SO Im trying my hands at sentiment analysis. I heard at lots of places that NaiveBayes is good enough. So I gathered manually some negative comments (~400 ). Then after cleaning up the comments file I finally came up with these top most frequent words for negative comments :-
negative_comments.most_common(40) #Similarly for positive..
[('never', 79),
('i', 63),
('restaurant', 51),
('it', 48),
('one', 47),
('get', 47),
('time', 43),
('would', 41),
('bad', 39),
('service', 38),
('don', 36),
('us', 36),
('work', 35),
('family', 35),
('day', 35),
('please', 32),
('stove', 32),
('you', 31),
('like', 31),
('got', 28),
('back', 27),
('customer', 27),
('years', 25),
('good', 25),
('people', 24),
('open', 24),
('online', 24),
('days', 23),
('right', 23),
('flea-market', 23),
('we', 21),
('way', 20)]
As you can see theres hardly any negative word in the top most frequent words.

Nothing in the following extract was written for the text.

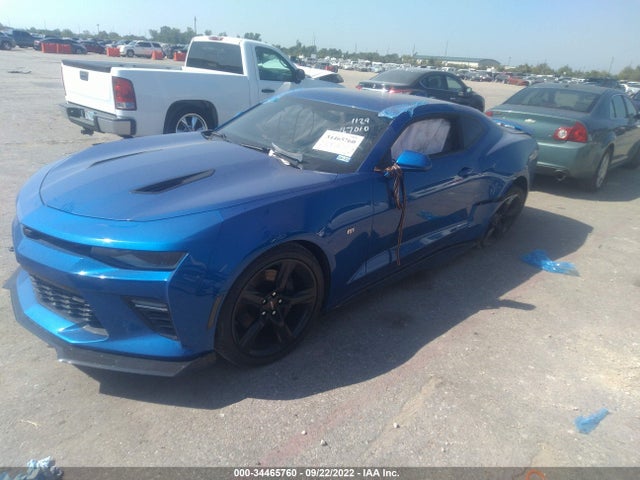 2016 Chevrolet Camaro, VIN: 1G1FH1R79G0139622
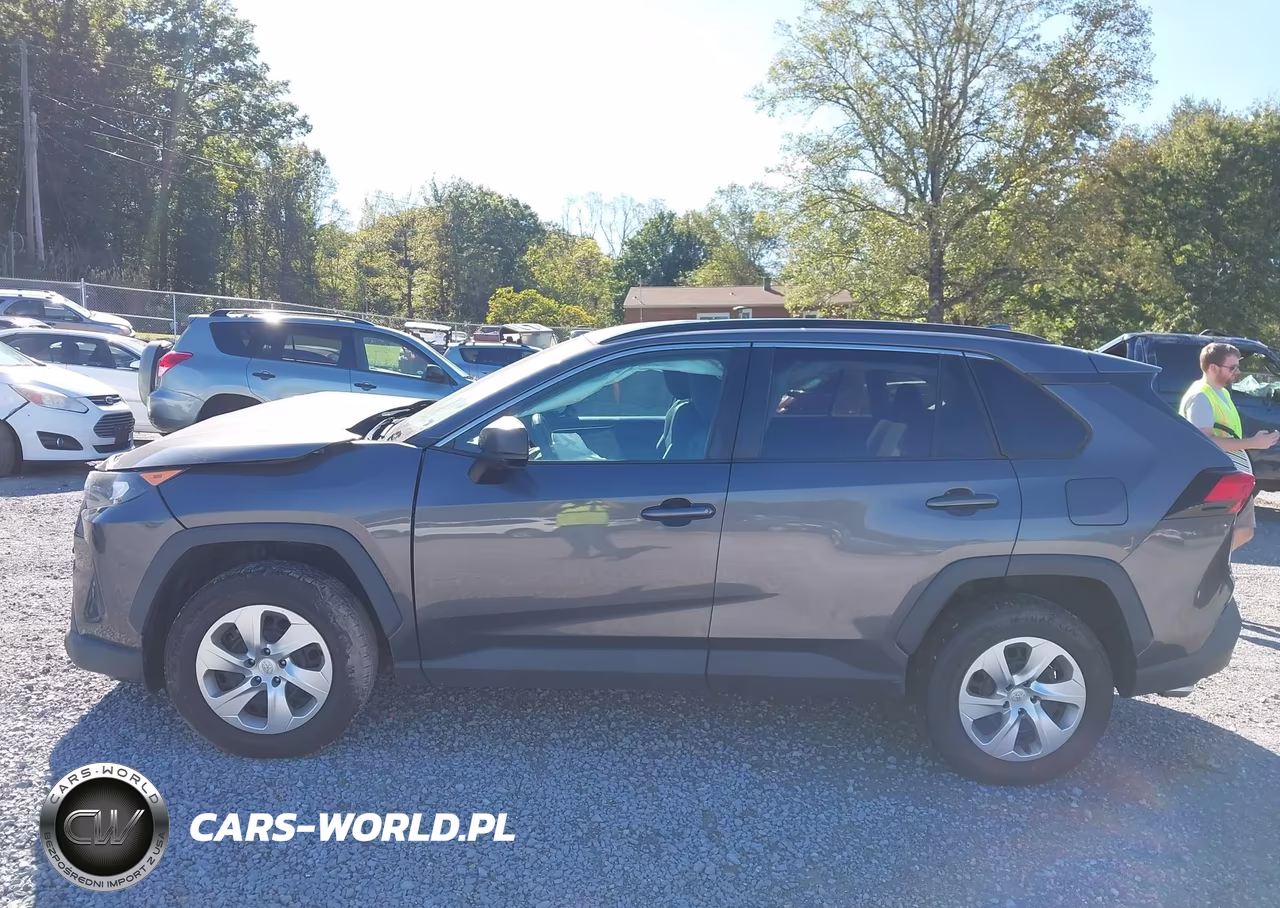 2021 Toyota Rav4 Le VIN:2T3H1RFV6MW146685 - 15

If I use these most frequent to generate my features using NaiveBayes then I dont see any point in the classifier performing any good. Rather I would simply search for words like :-
"dislike","bad", "awful","hate"..
and expect better result than using NaiveBayes on the most_frequent negative words. Is there any better approach than these method?